Movilidad urbana y compromiso con la sostenibilidad
La última milla plantea desafíos ambientales de gran importancia, y con este enfoque, las soluciones tecnológicas de Glovo incorporan métricas de sostenibilidad que permiten optimizar las rutas y reducir las emisiones; entre las iniciativas implementadas destacan las siguientes:
- Impulso al empleo de bicicletas y automóviles eléctricos.
- Mejora en la consolidación de pedidos con el fin de reducir trayectos.
- Implementación de herramientas para calcular la huella de carbono de los comercios vinculados.
En urbes donde rigen limitaciones de circulación, como París y Barcelona, la compañía ha modificado su modelo operativo para priorizar vehículos de bajas emisiones, en consonancia con los objetivos europeos de alcanzar la neutralidad climática.
Impacto económico y transformación digital
La ampliación de las soluciones tecnológicas de última milla repercute tanto en las operaciones logísticas como en la actividad económica local, donde muchas pequeñas y medianas empresas han conseguido incrementar sus ingresos al acceder a una red de distribución digital que antes les resultaba inaccesible.
Asimismo, la digitalización impulsada por Glovo ha generado efectos añadidos, entre los que se incluyen:
- Profesionalización de la gestión de inventarios.
- Mayor uso de herramientas analíticas en comercios tradicionales.
- Integración de sistemas de pago digitales.
La compañía ha impulsado igualmente la generación de puestos de trabajo en sectores tecnológicos de gran valor añadido, reforzando el papel de Barcelona como un destacado centro de innovación en el sur de Europa.
Retos regulatorios y la evolución del modelo
La expansión europea ha afrontado diversos retos, pues las leyes laborales y las normas que regulan las plataformas digitales difieren entre naciones, lo que exige reajustes constantes en su modelo de operación. Glovo se ha visto obligada a modificar contratos, sistemas administrativos y estructuras internas para alinearse con los distintos marcos jurídicos.

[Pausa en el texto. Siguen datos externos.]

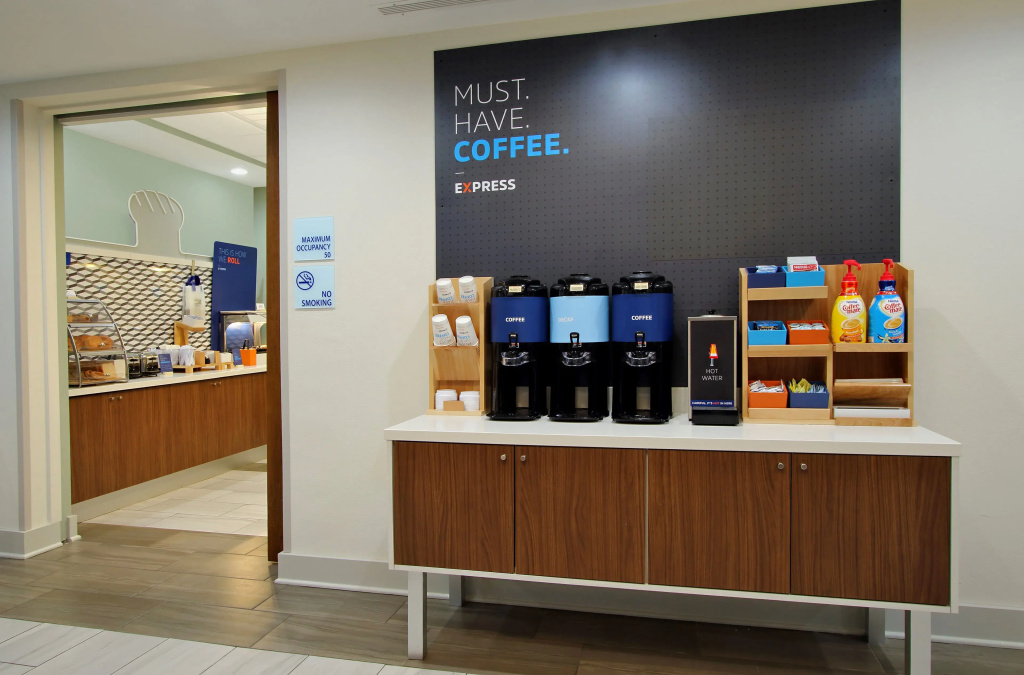 Holiday Inn Express & Suites Bloomington by IHG - Général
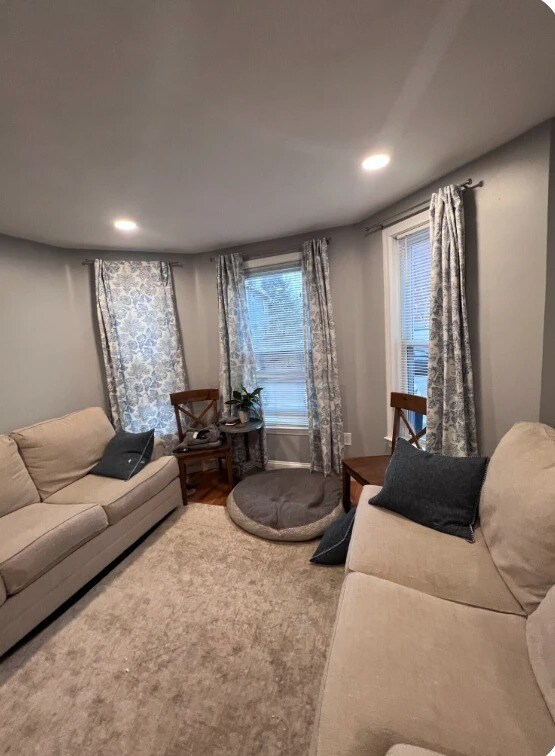 359 Western Ave, Unit 2 in Cambridge, MA - Building Photo - Building Photo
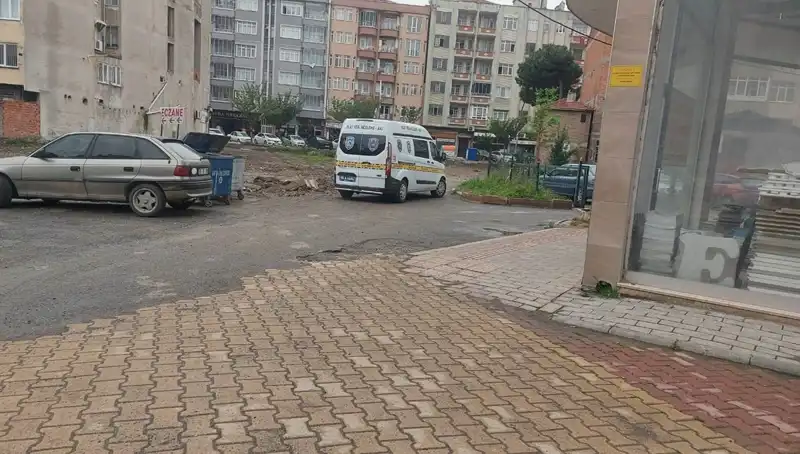 4. Kattan Düşen Kadının Durumu Ciddi, Hastaneye Kaldırıldı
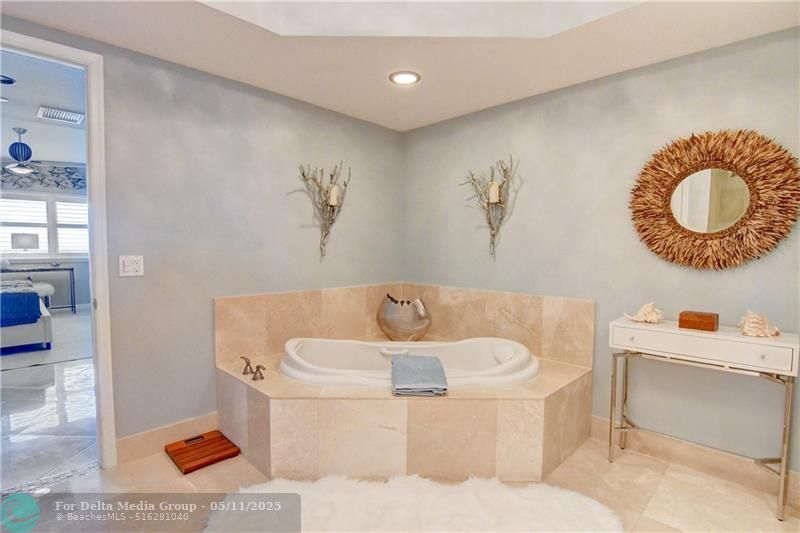 2640 Lake Shore Dr, Unit 2211, Riviera Beach, FL 33404 Photo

Al mismo tiempo, la competencia en el sector de entregas rápidas obliga a invertir de forma permanente en innovación, y la diferenciación ya no se basa solo en la velocidad, sino que se sustenta en una base tecnológica sólida, una operación eficiente y la aptitud para ofrecer soluciones completas tanto a comercios como a consumidores.
Proyecciones venideras sobre la evolución de la última milla tecnológica
La evolución de Glovo desde Barcelona hacia Europa refleja una transformación más amplia del comercio urbano. La última milla se consolida como un componente estratégico de la economía digital, donde la tecnología actúa como eje central de competitividad.
A medida que avanzan la inteligencia artificial, el análisis predictivo y la automatización, las soluciones originadas en Barcelona podrían transformar de manera notable los estándares logísticos en diversos mercados europeos, apoyándose en una combinación de innovación tecnológica, adaptación al entorno y una firme orientación hacia la sostenibilidad. Esta integración plantea un modelo que supera el reparto convencional y se consolida como una infraestructura esencial para el comercio venidero, enlazando ciudades, empresas y usuarios dentro de una red cada vez más cohesionada y eficaz.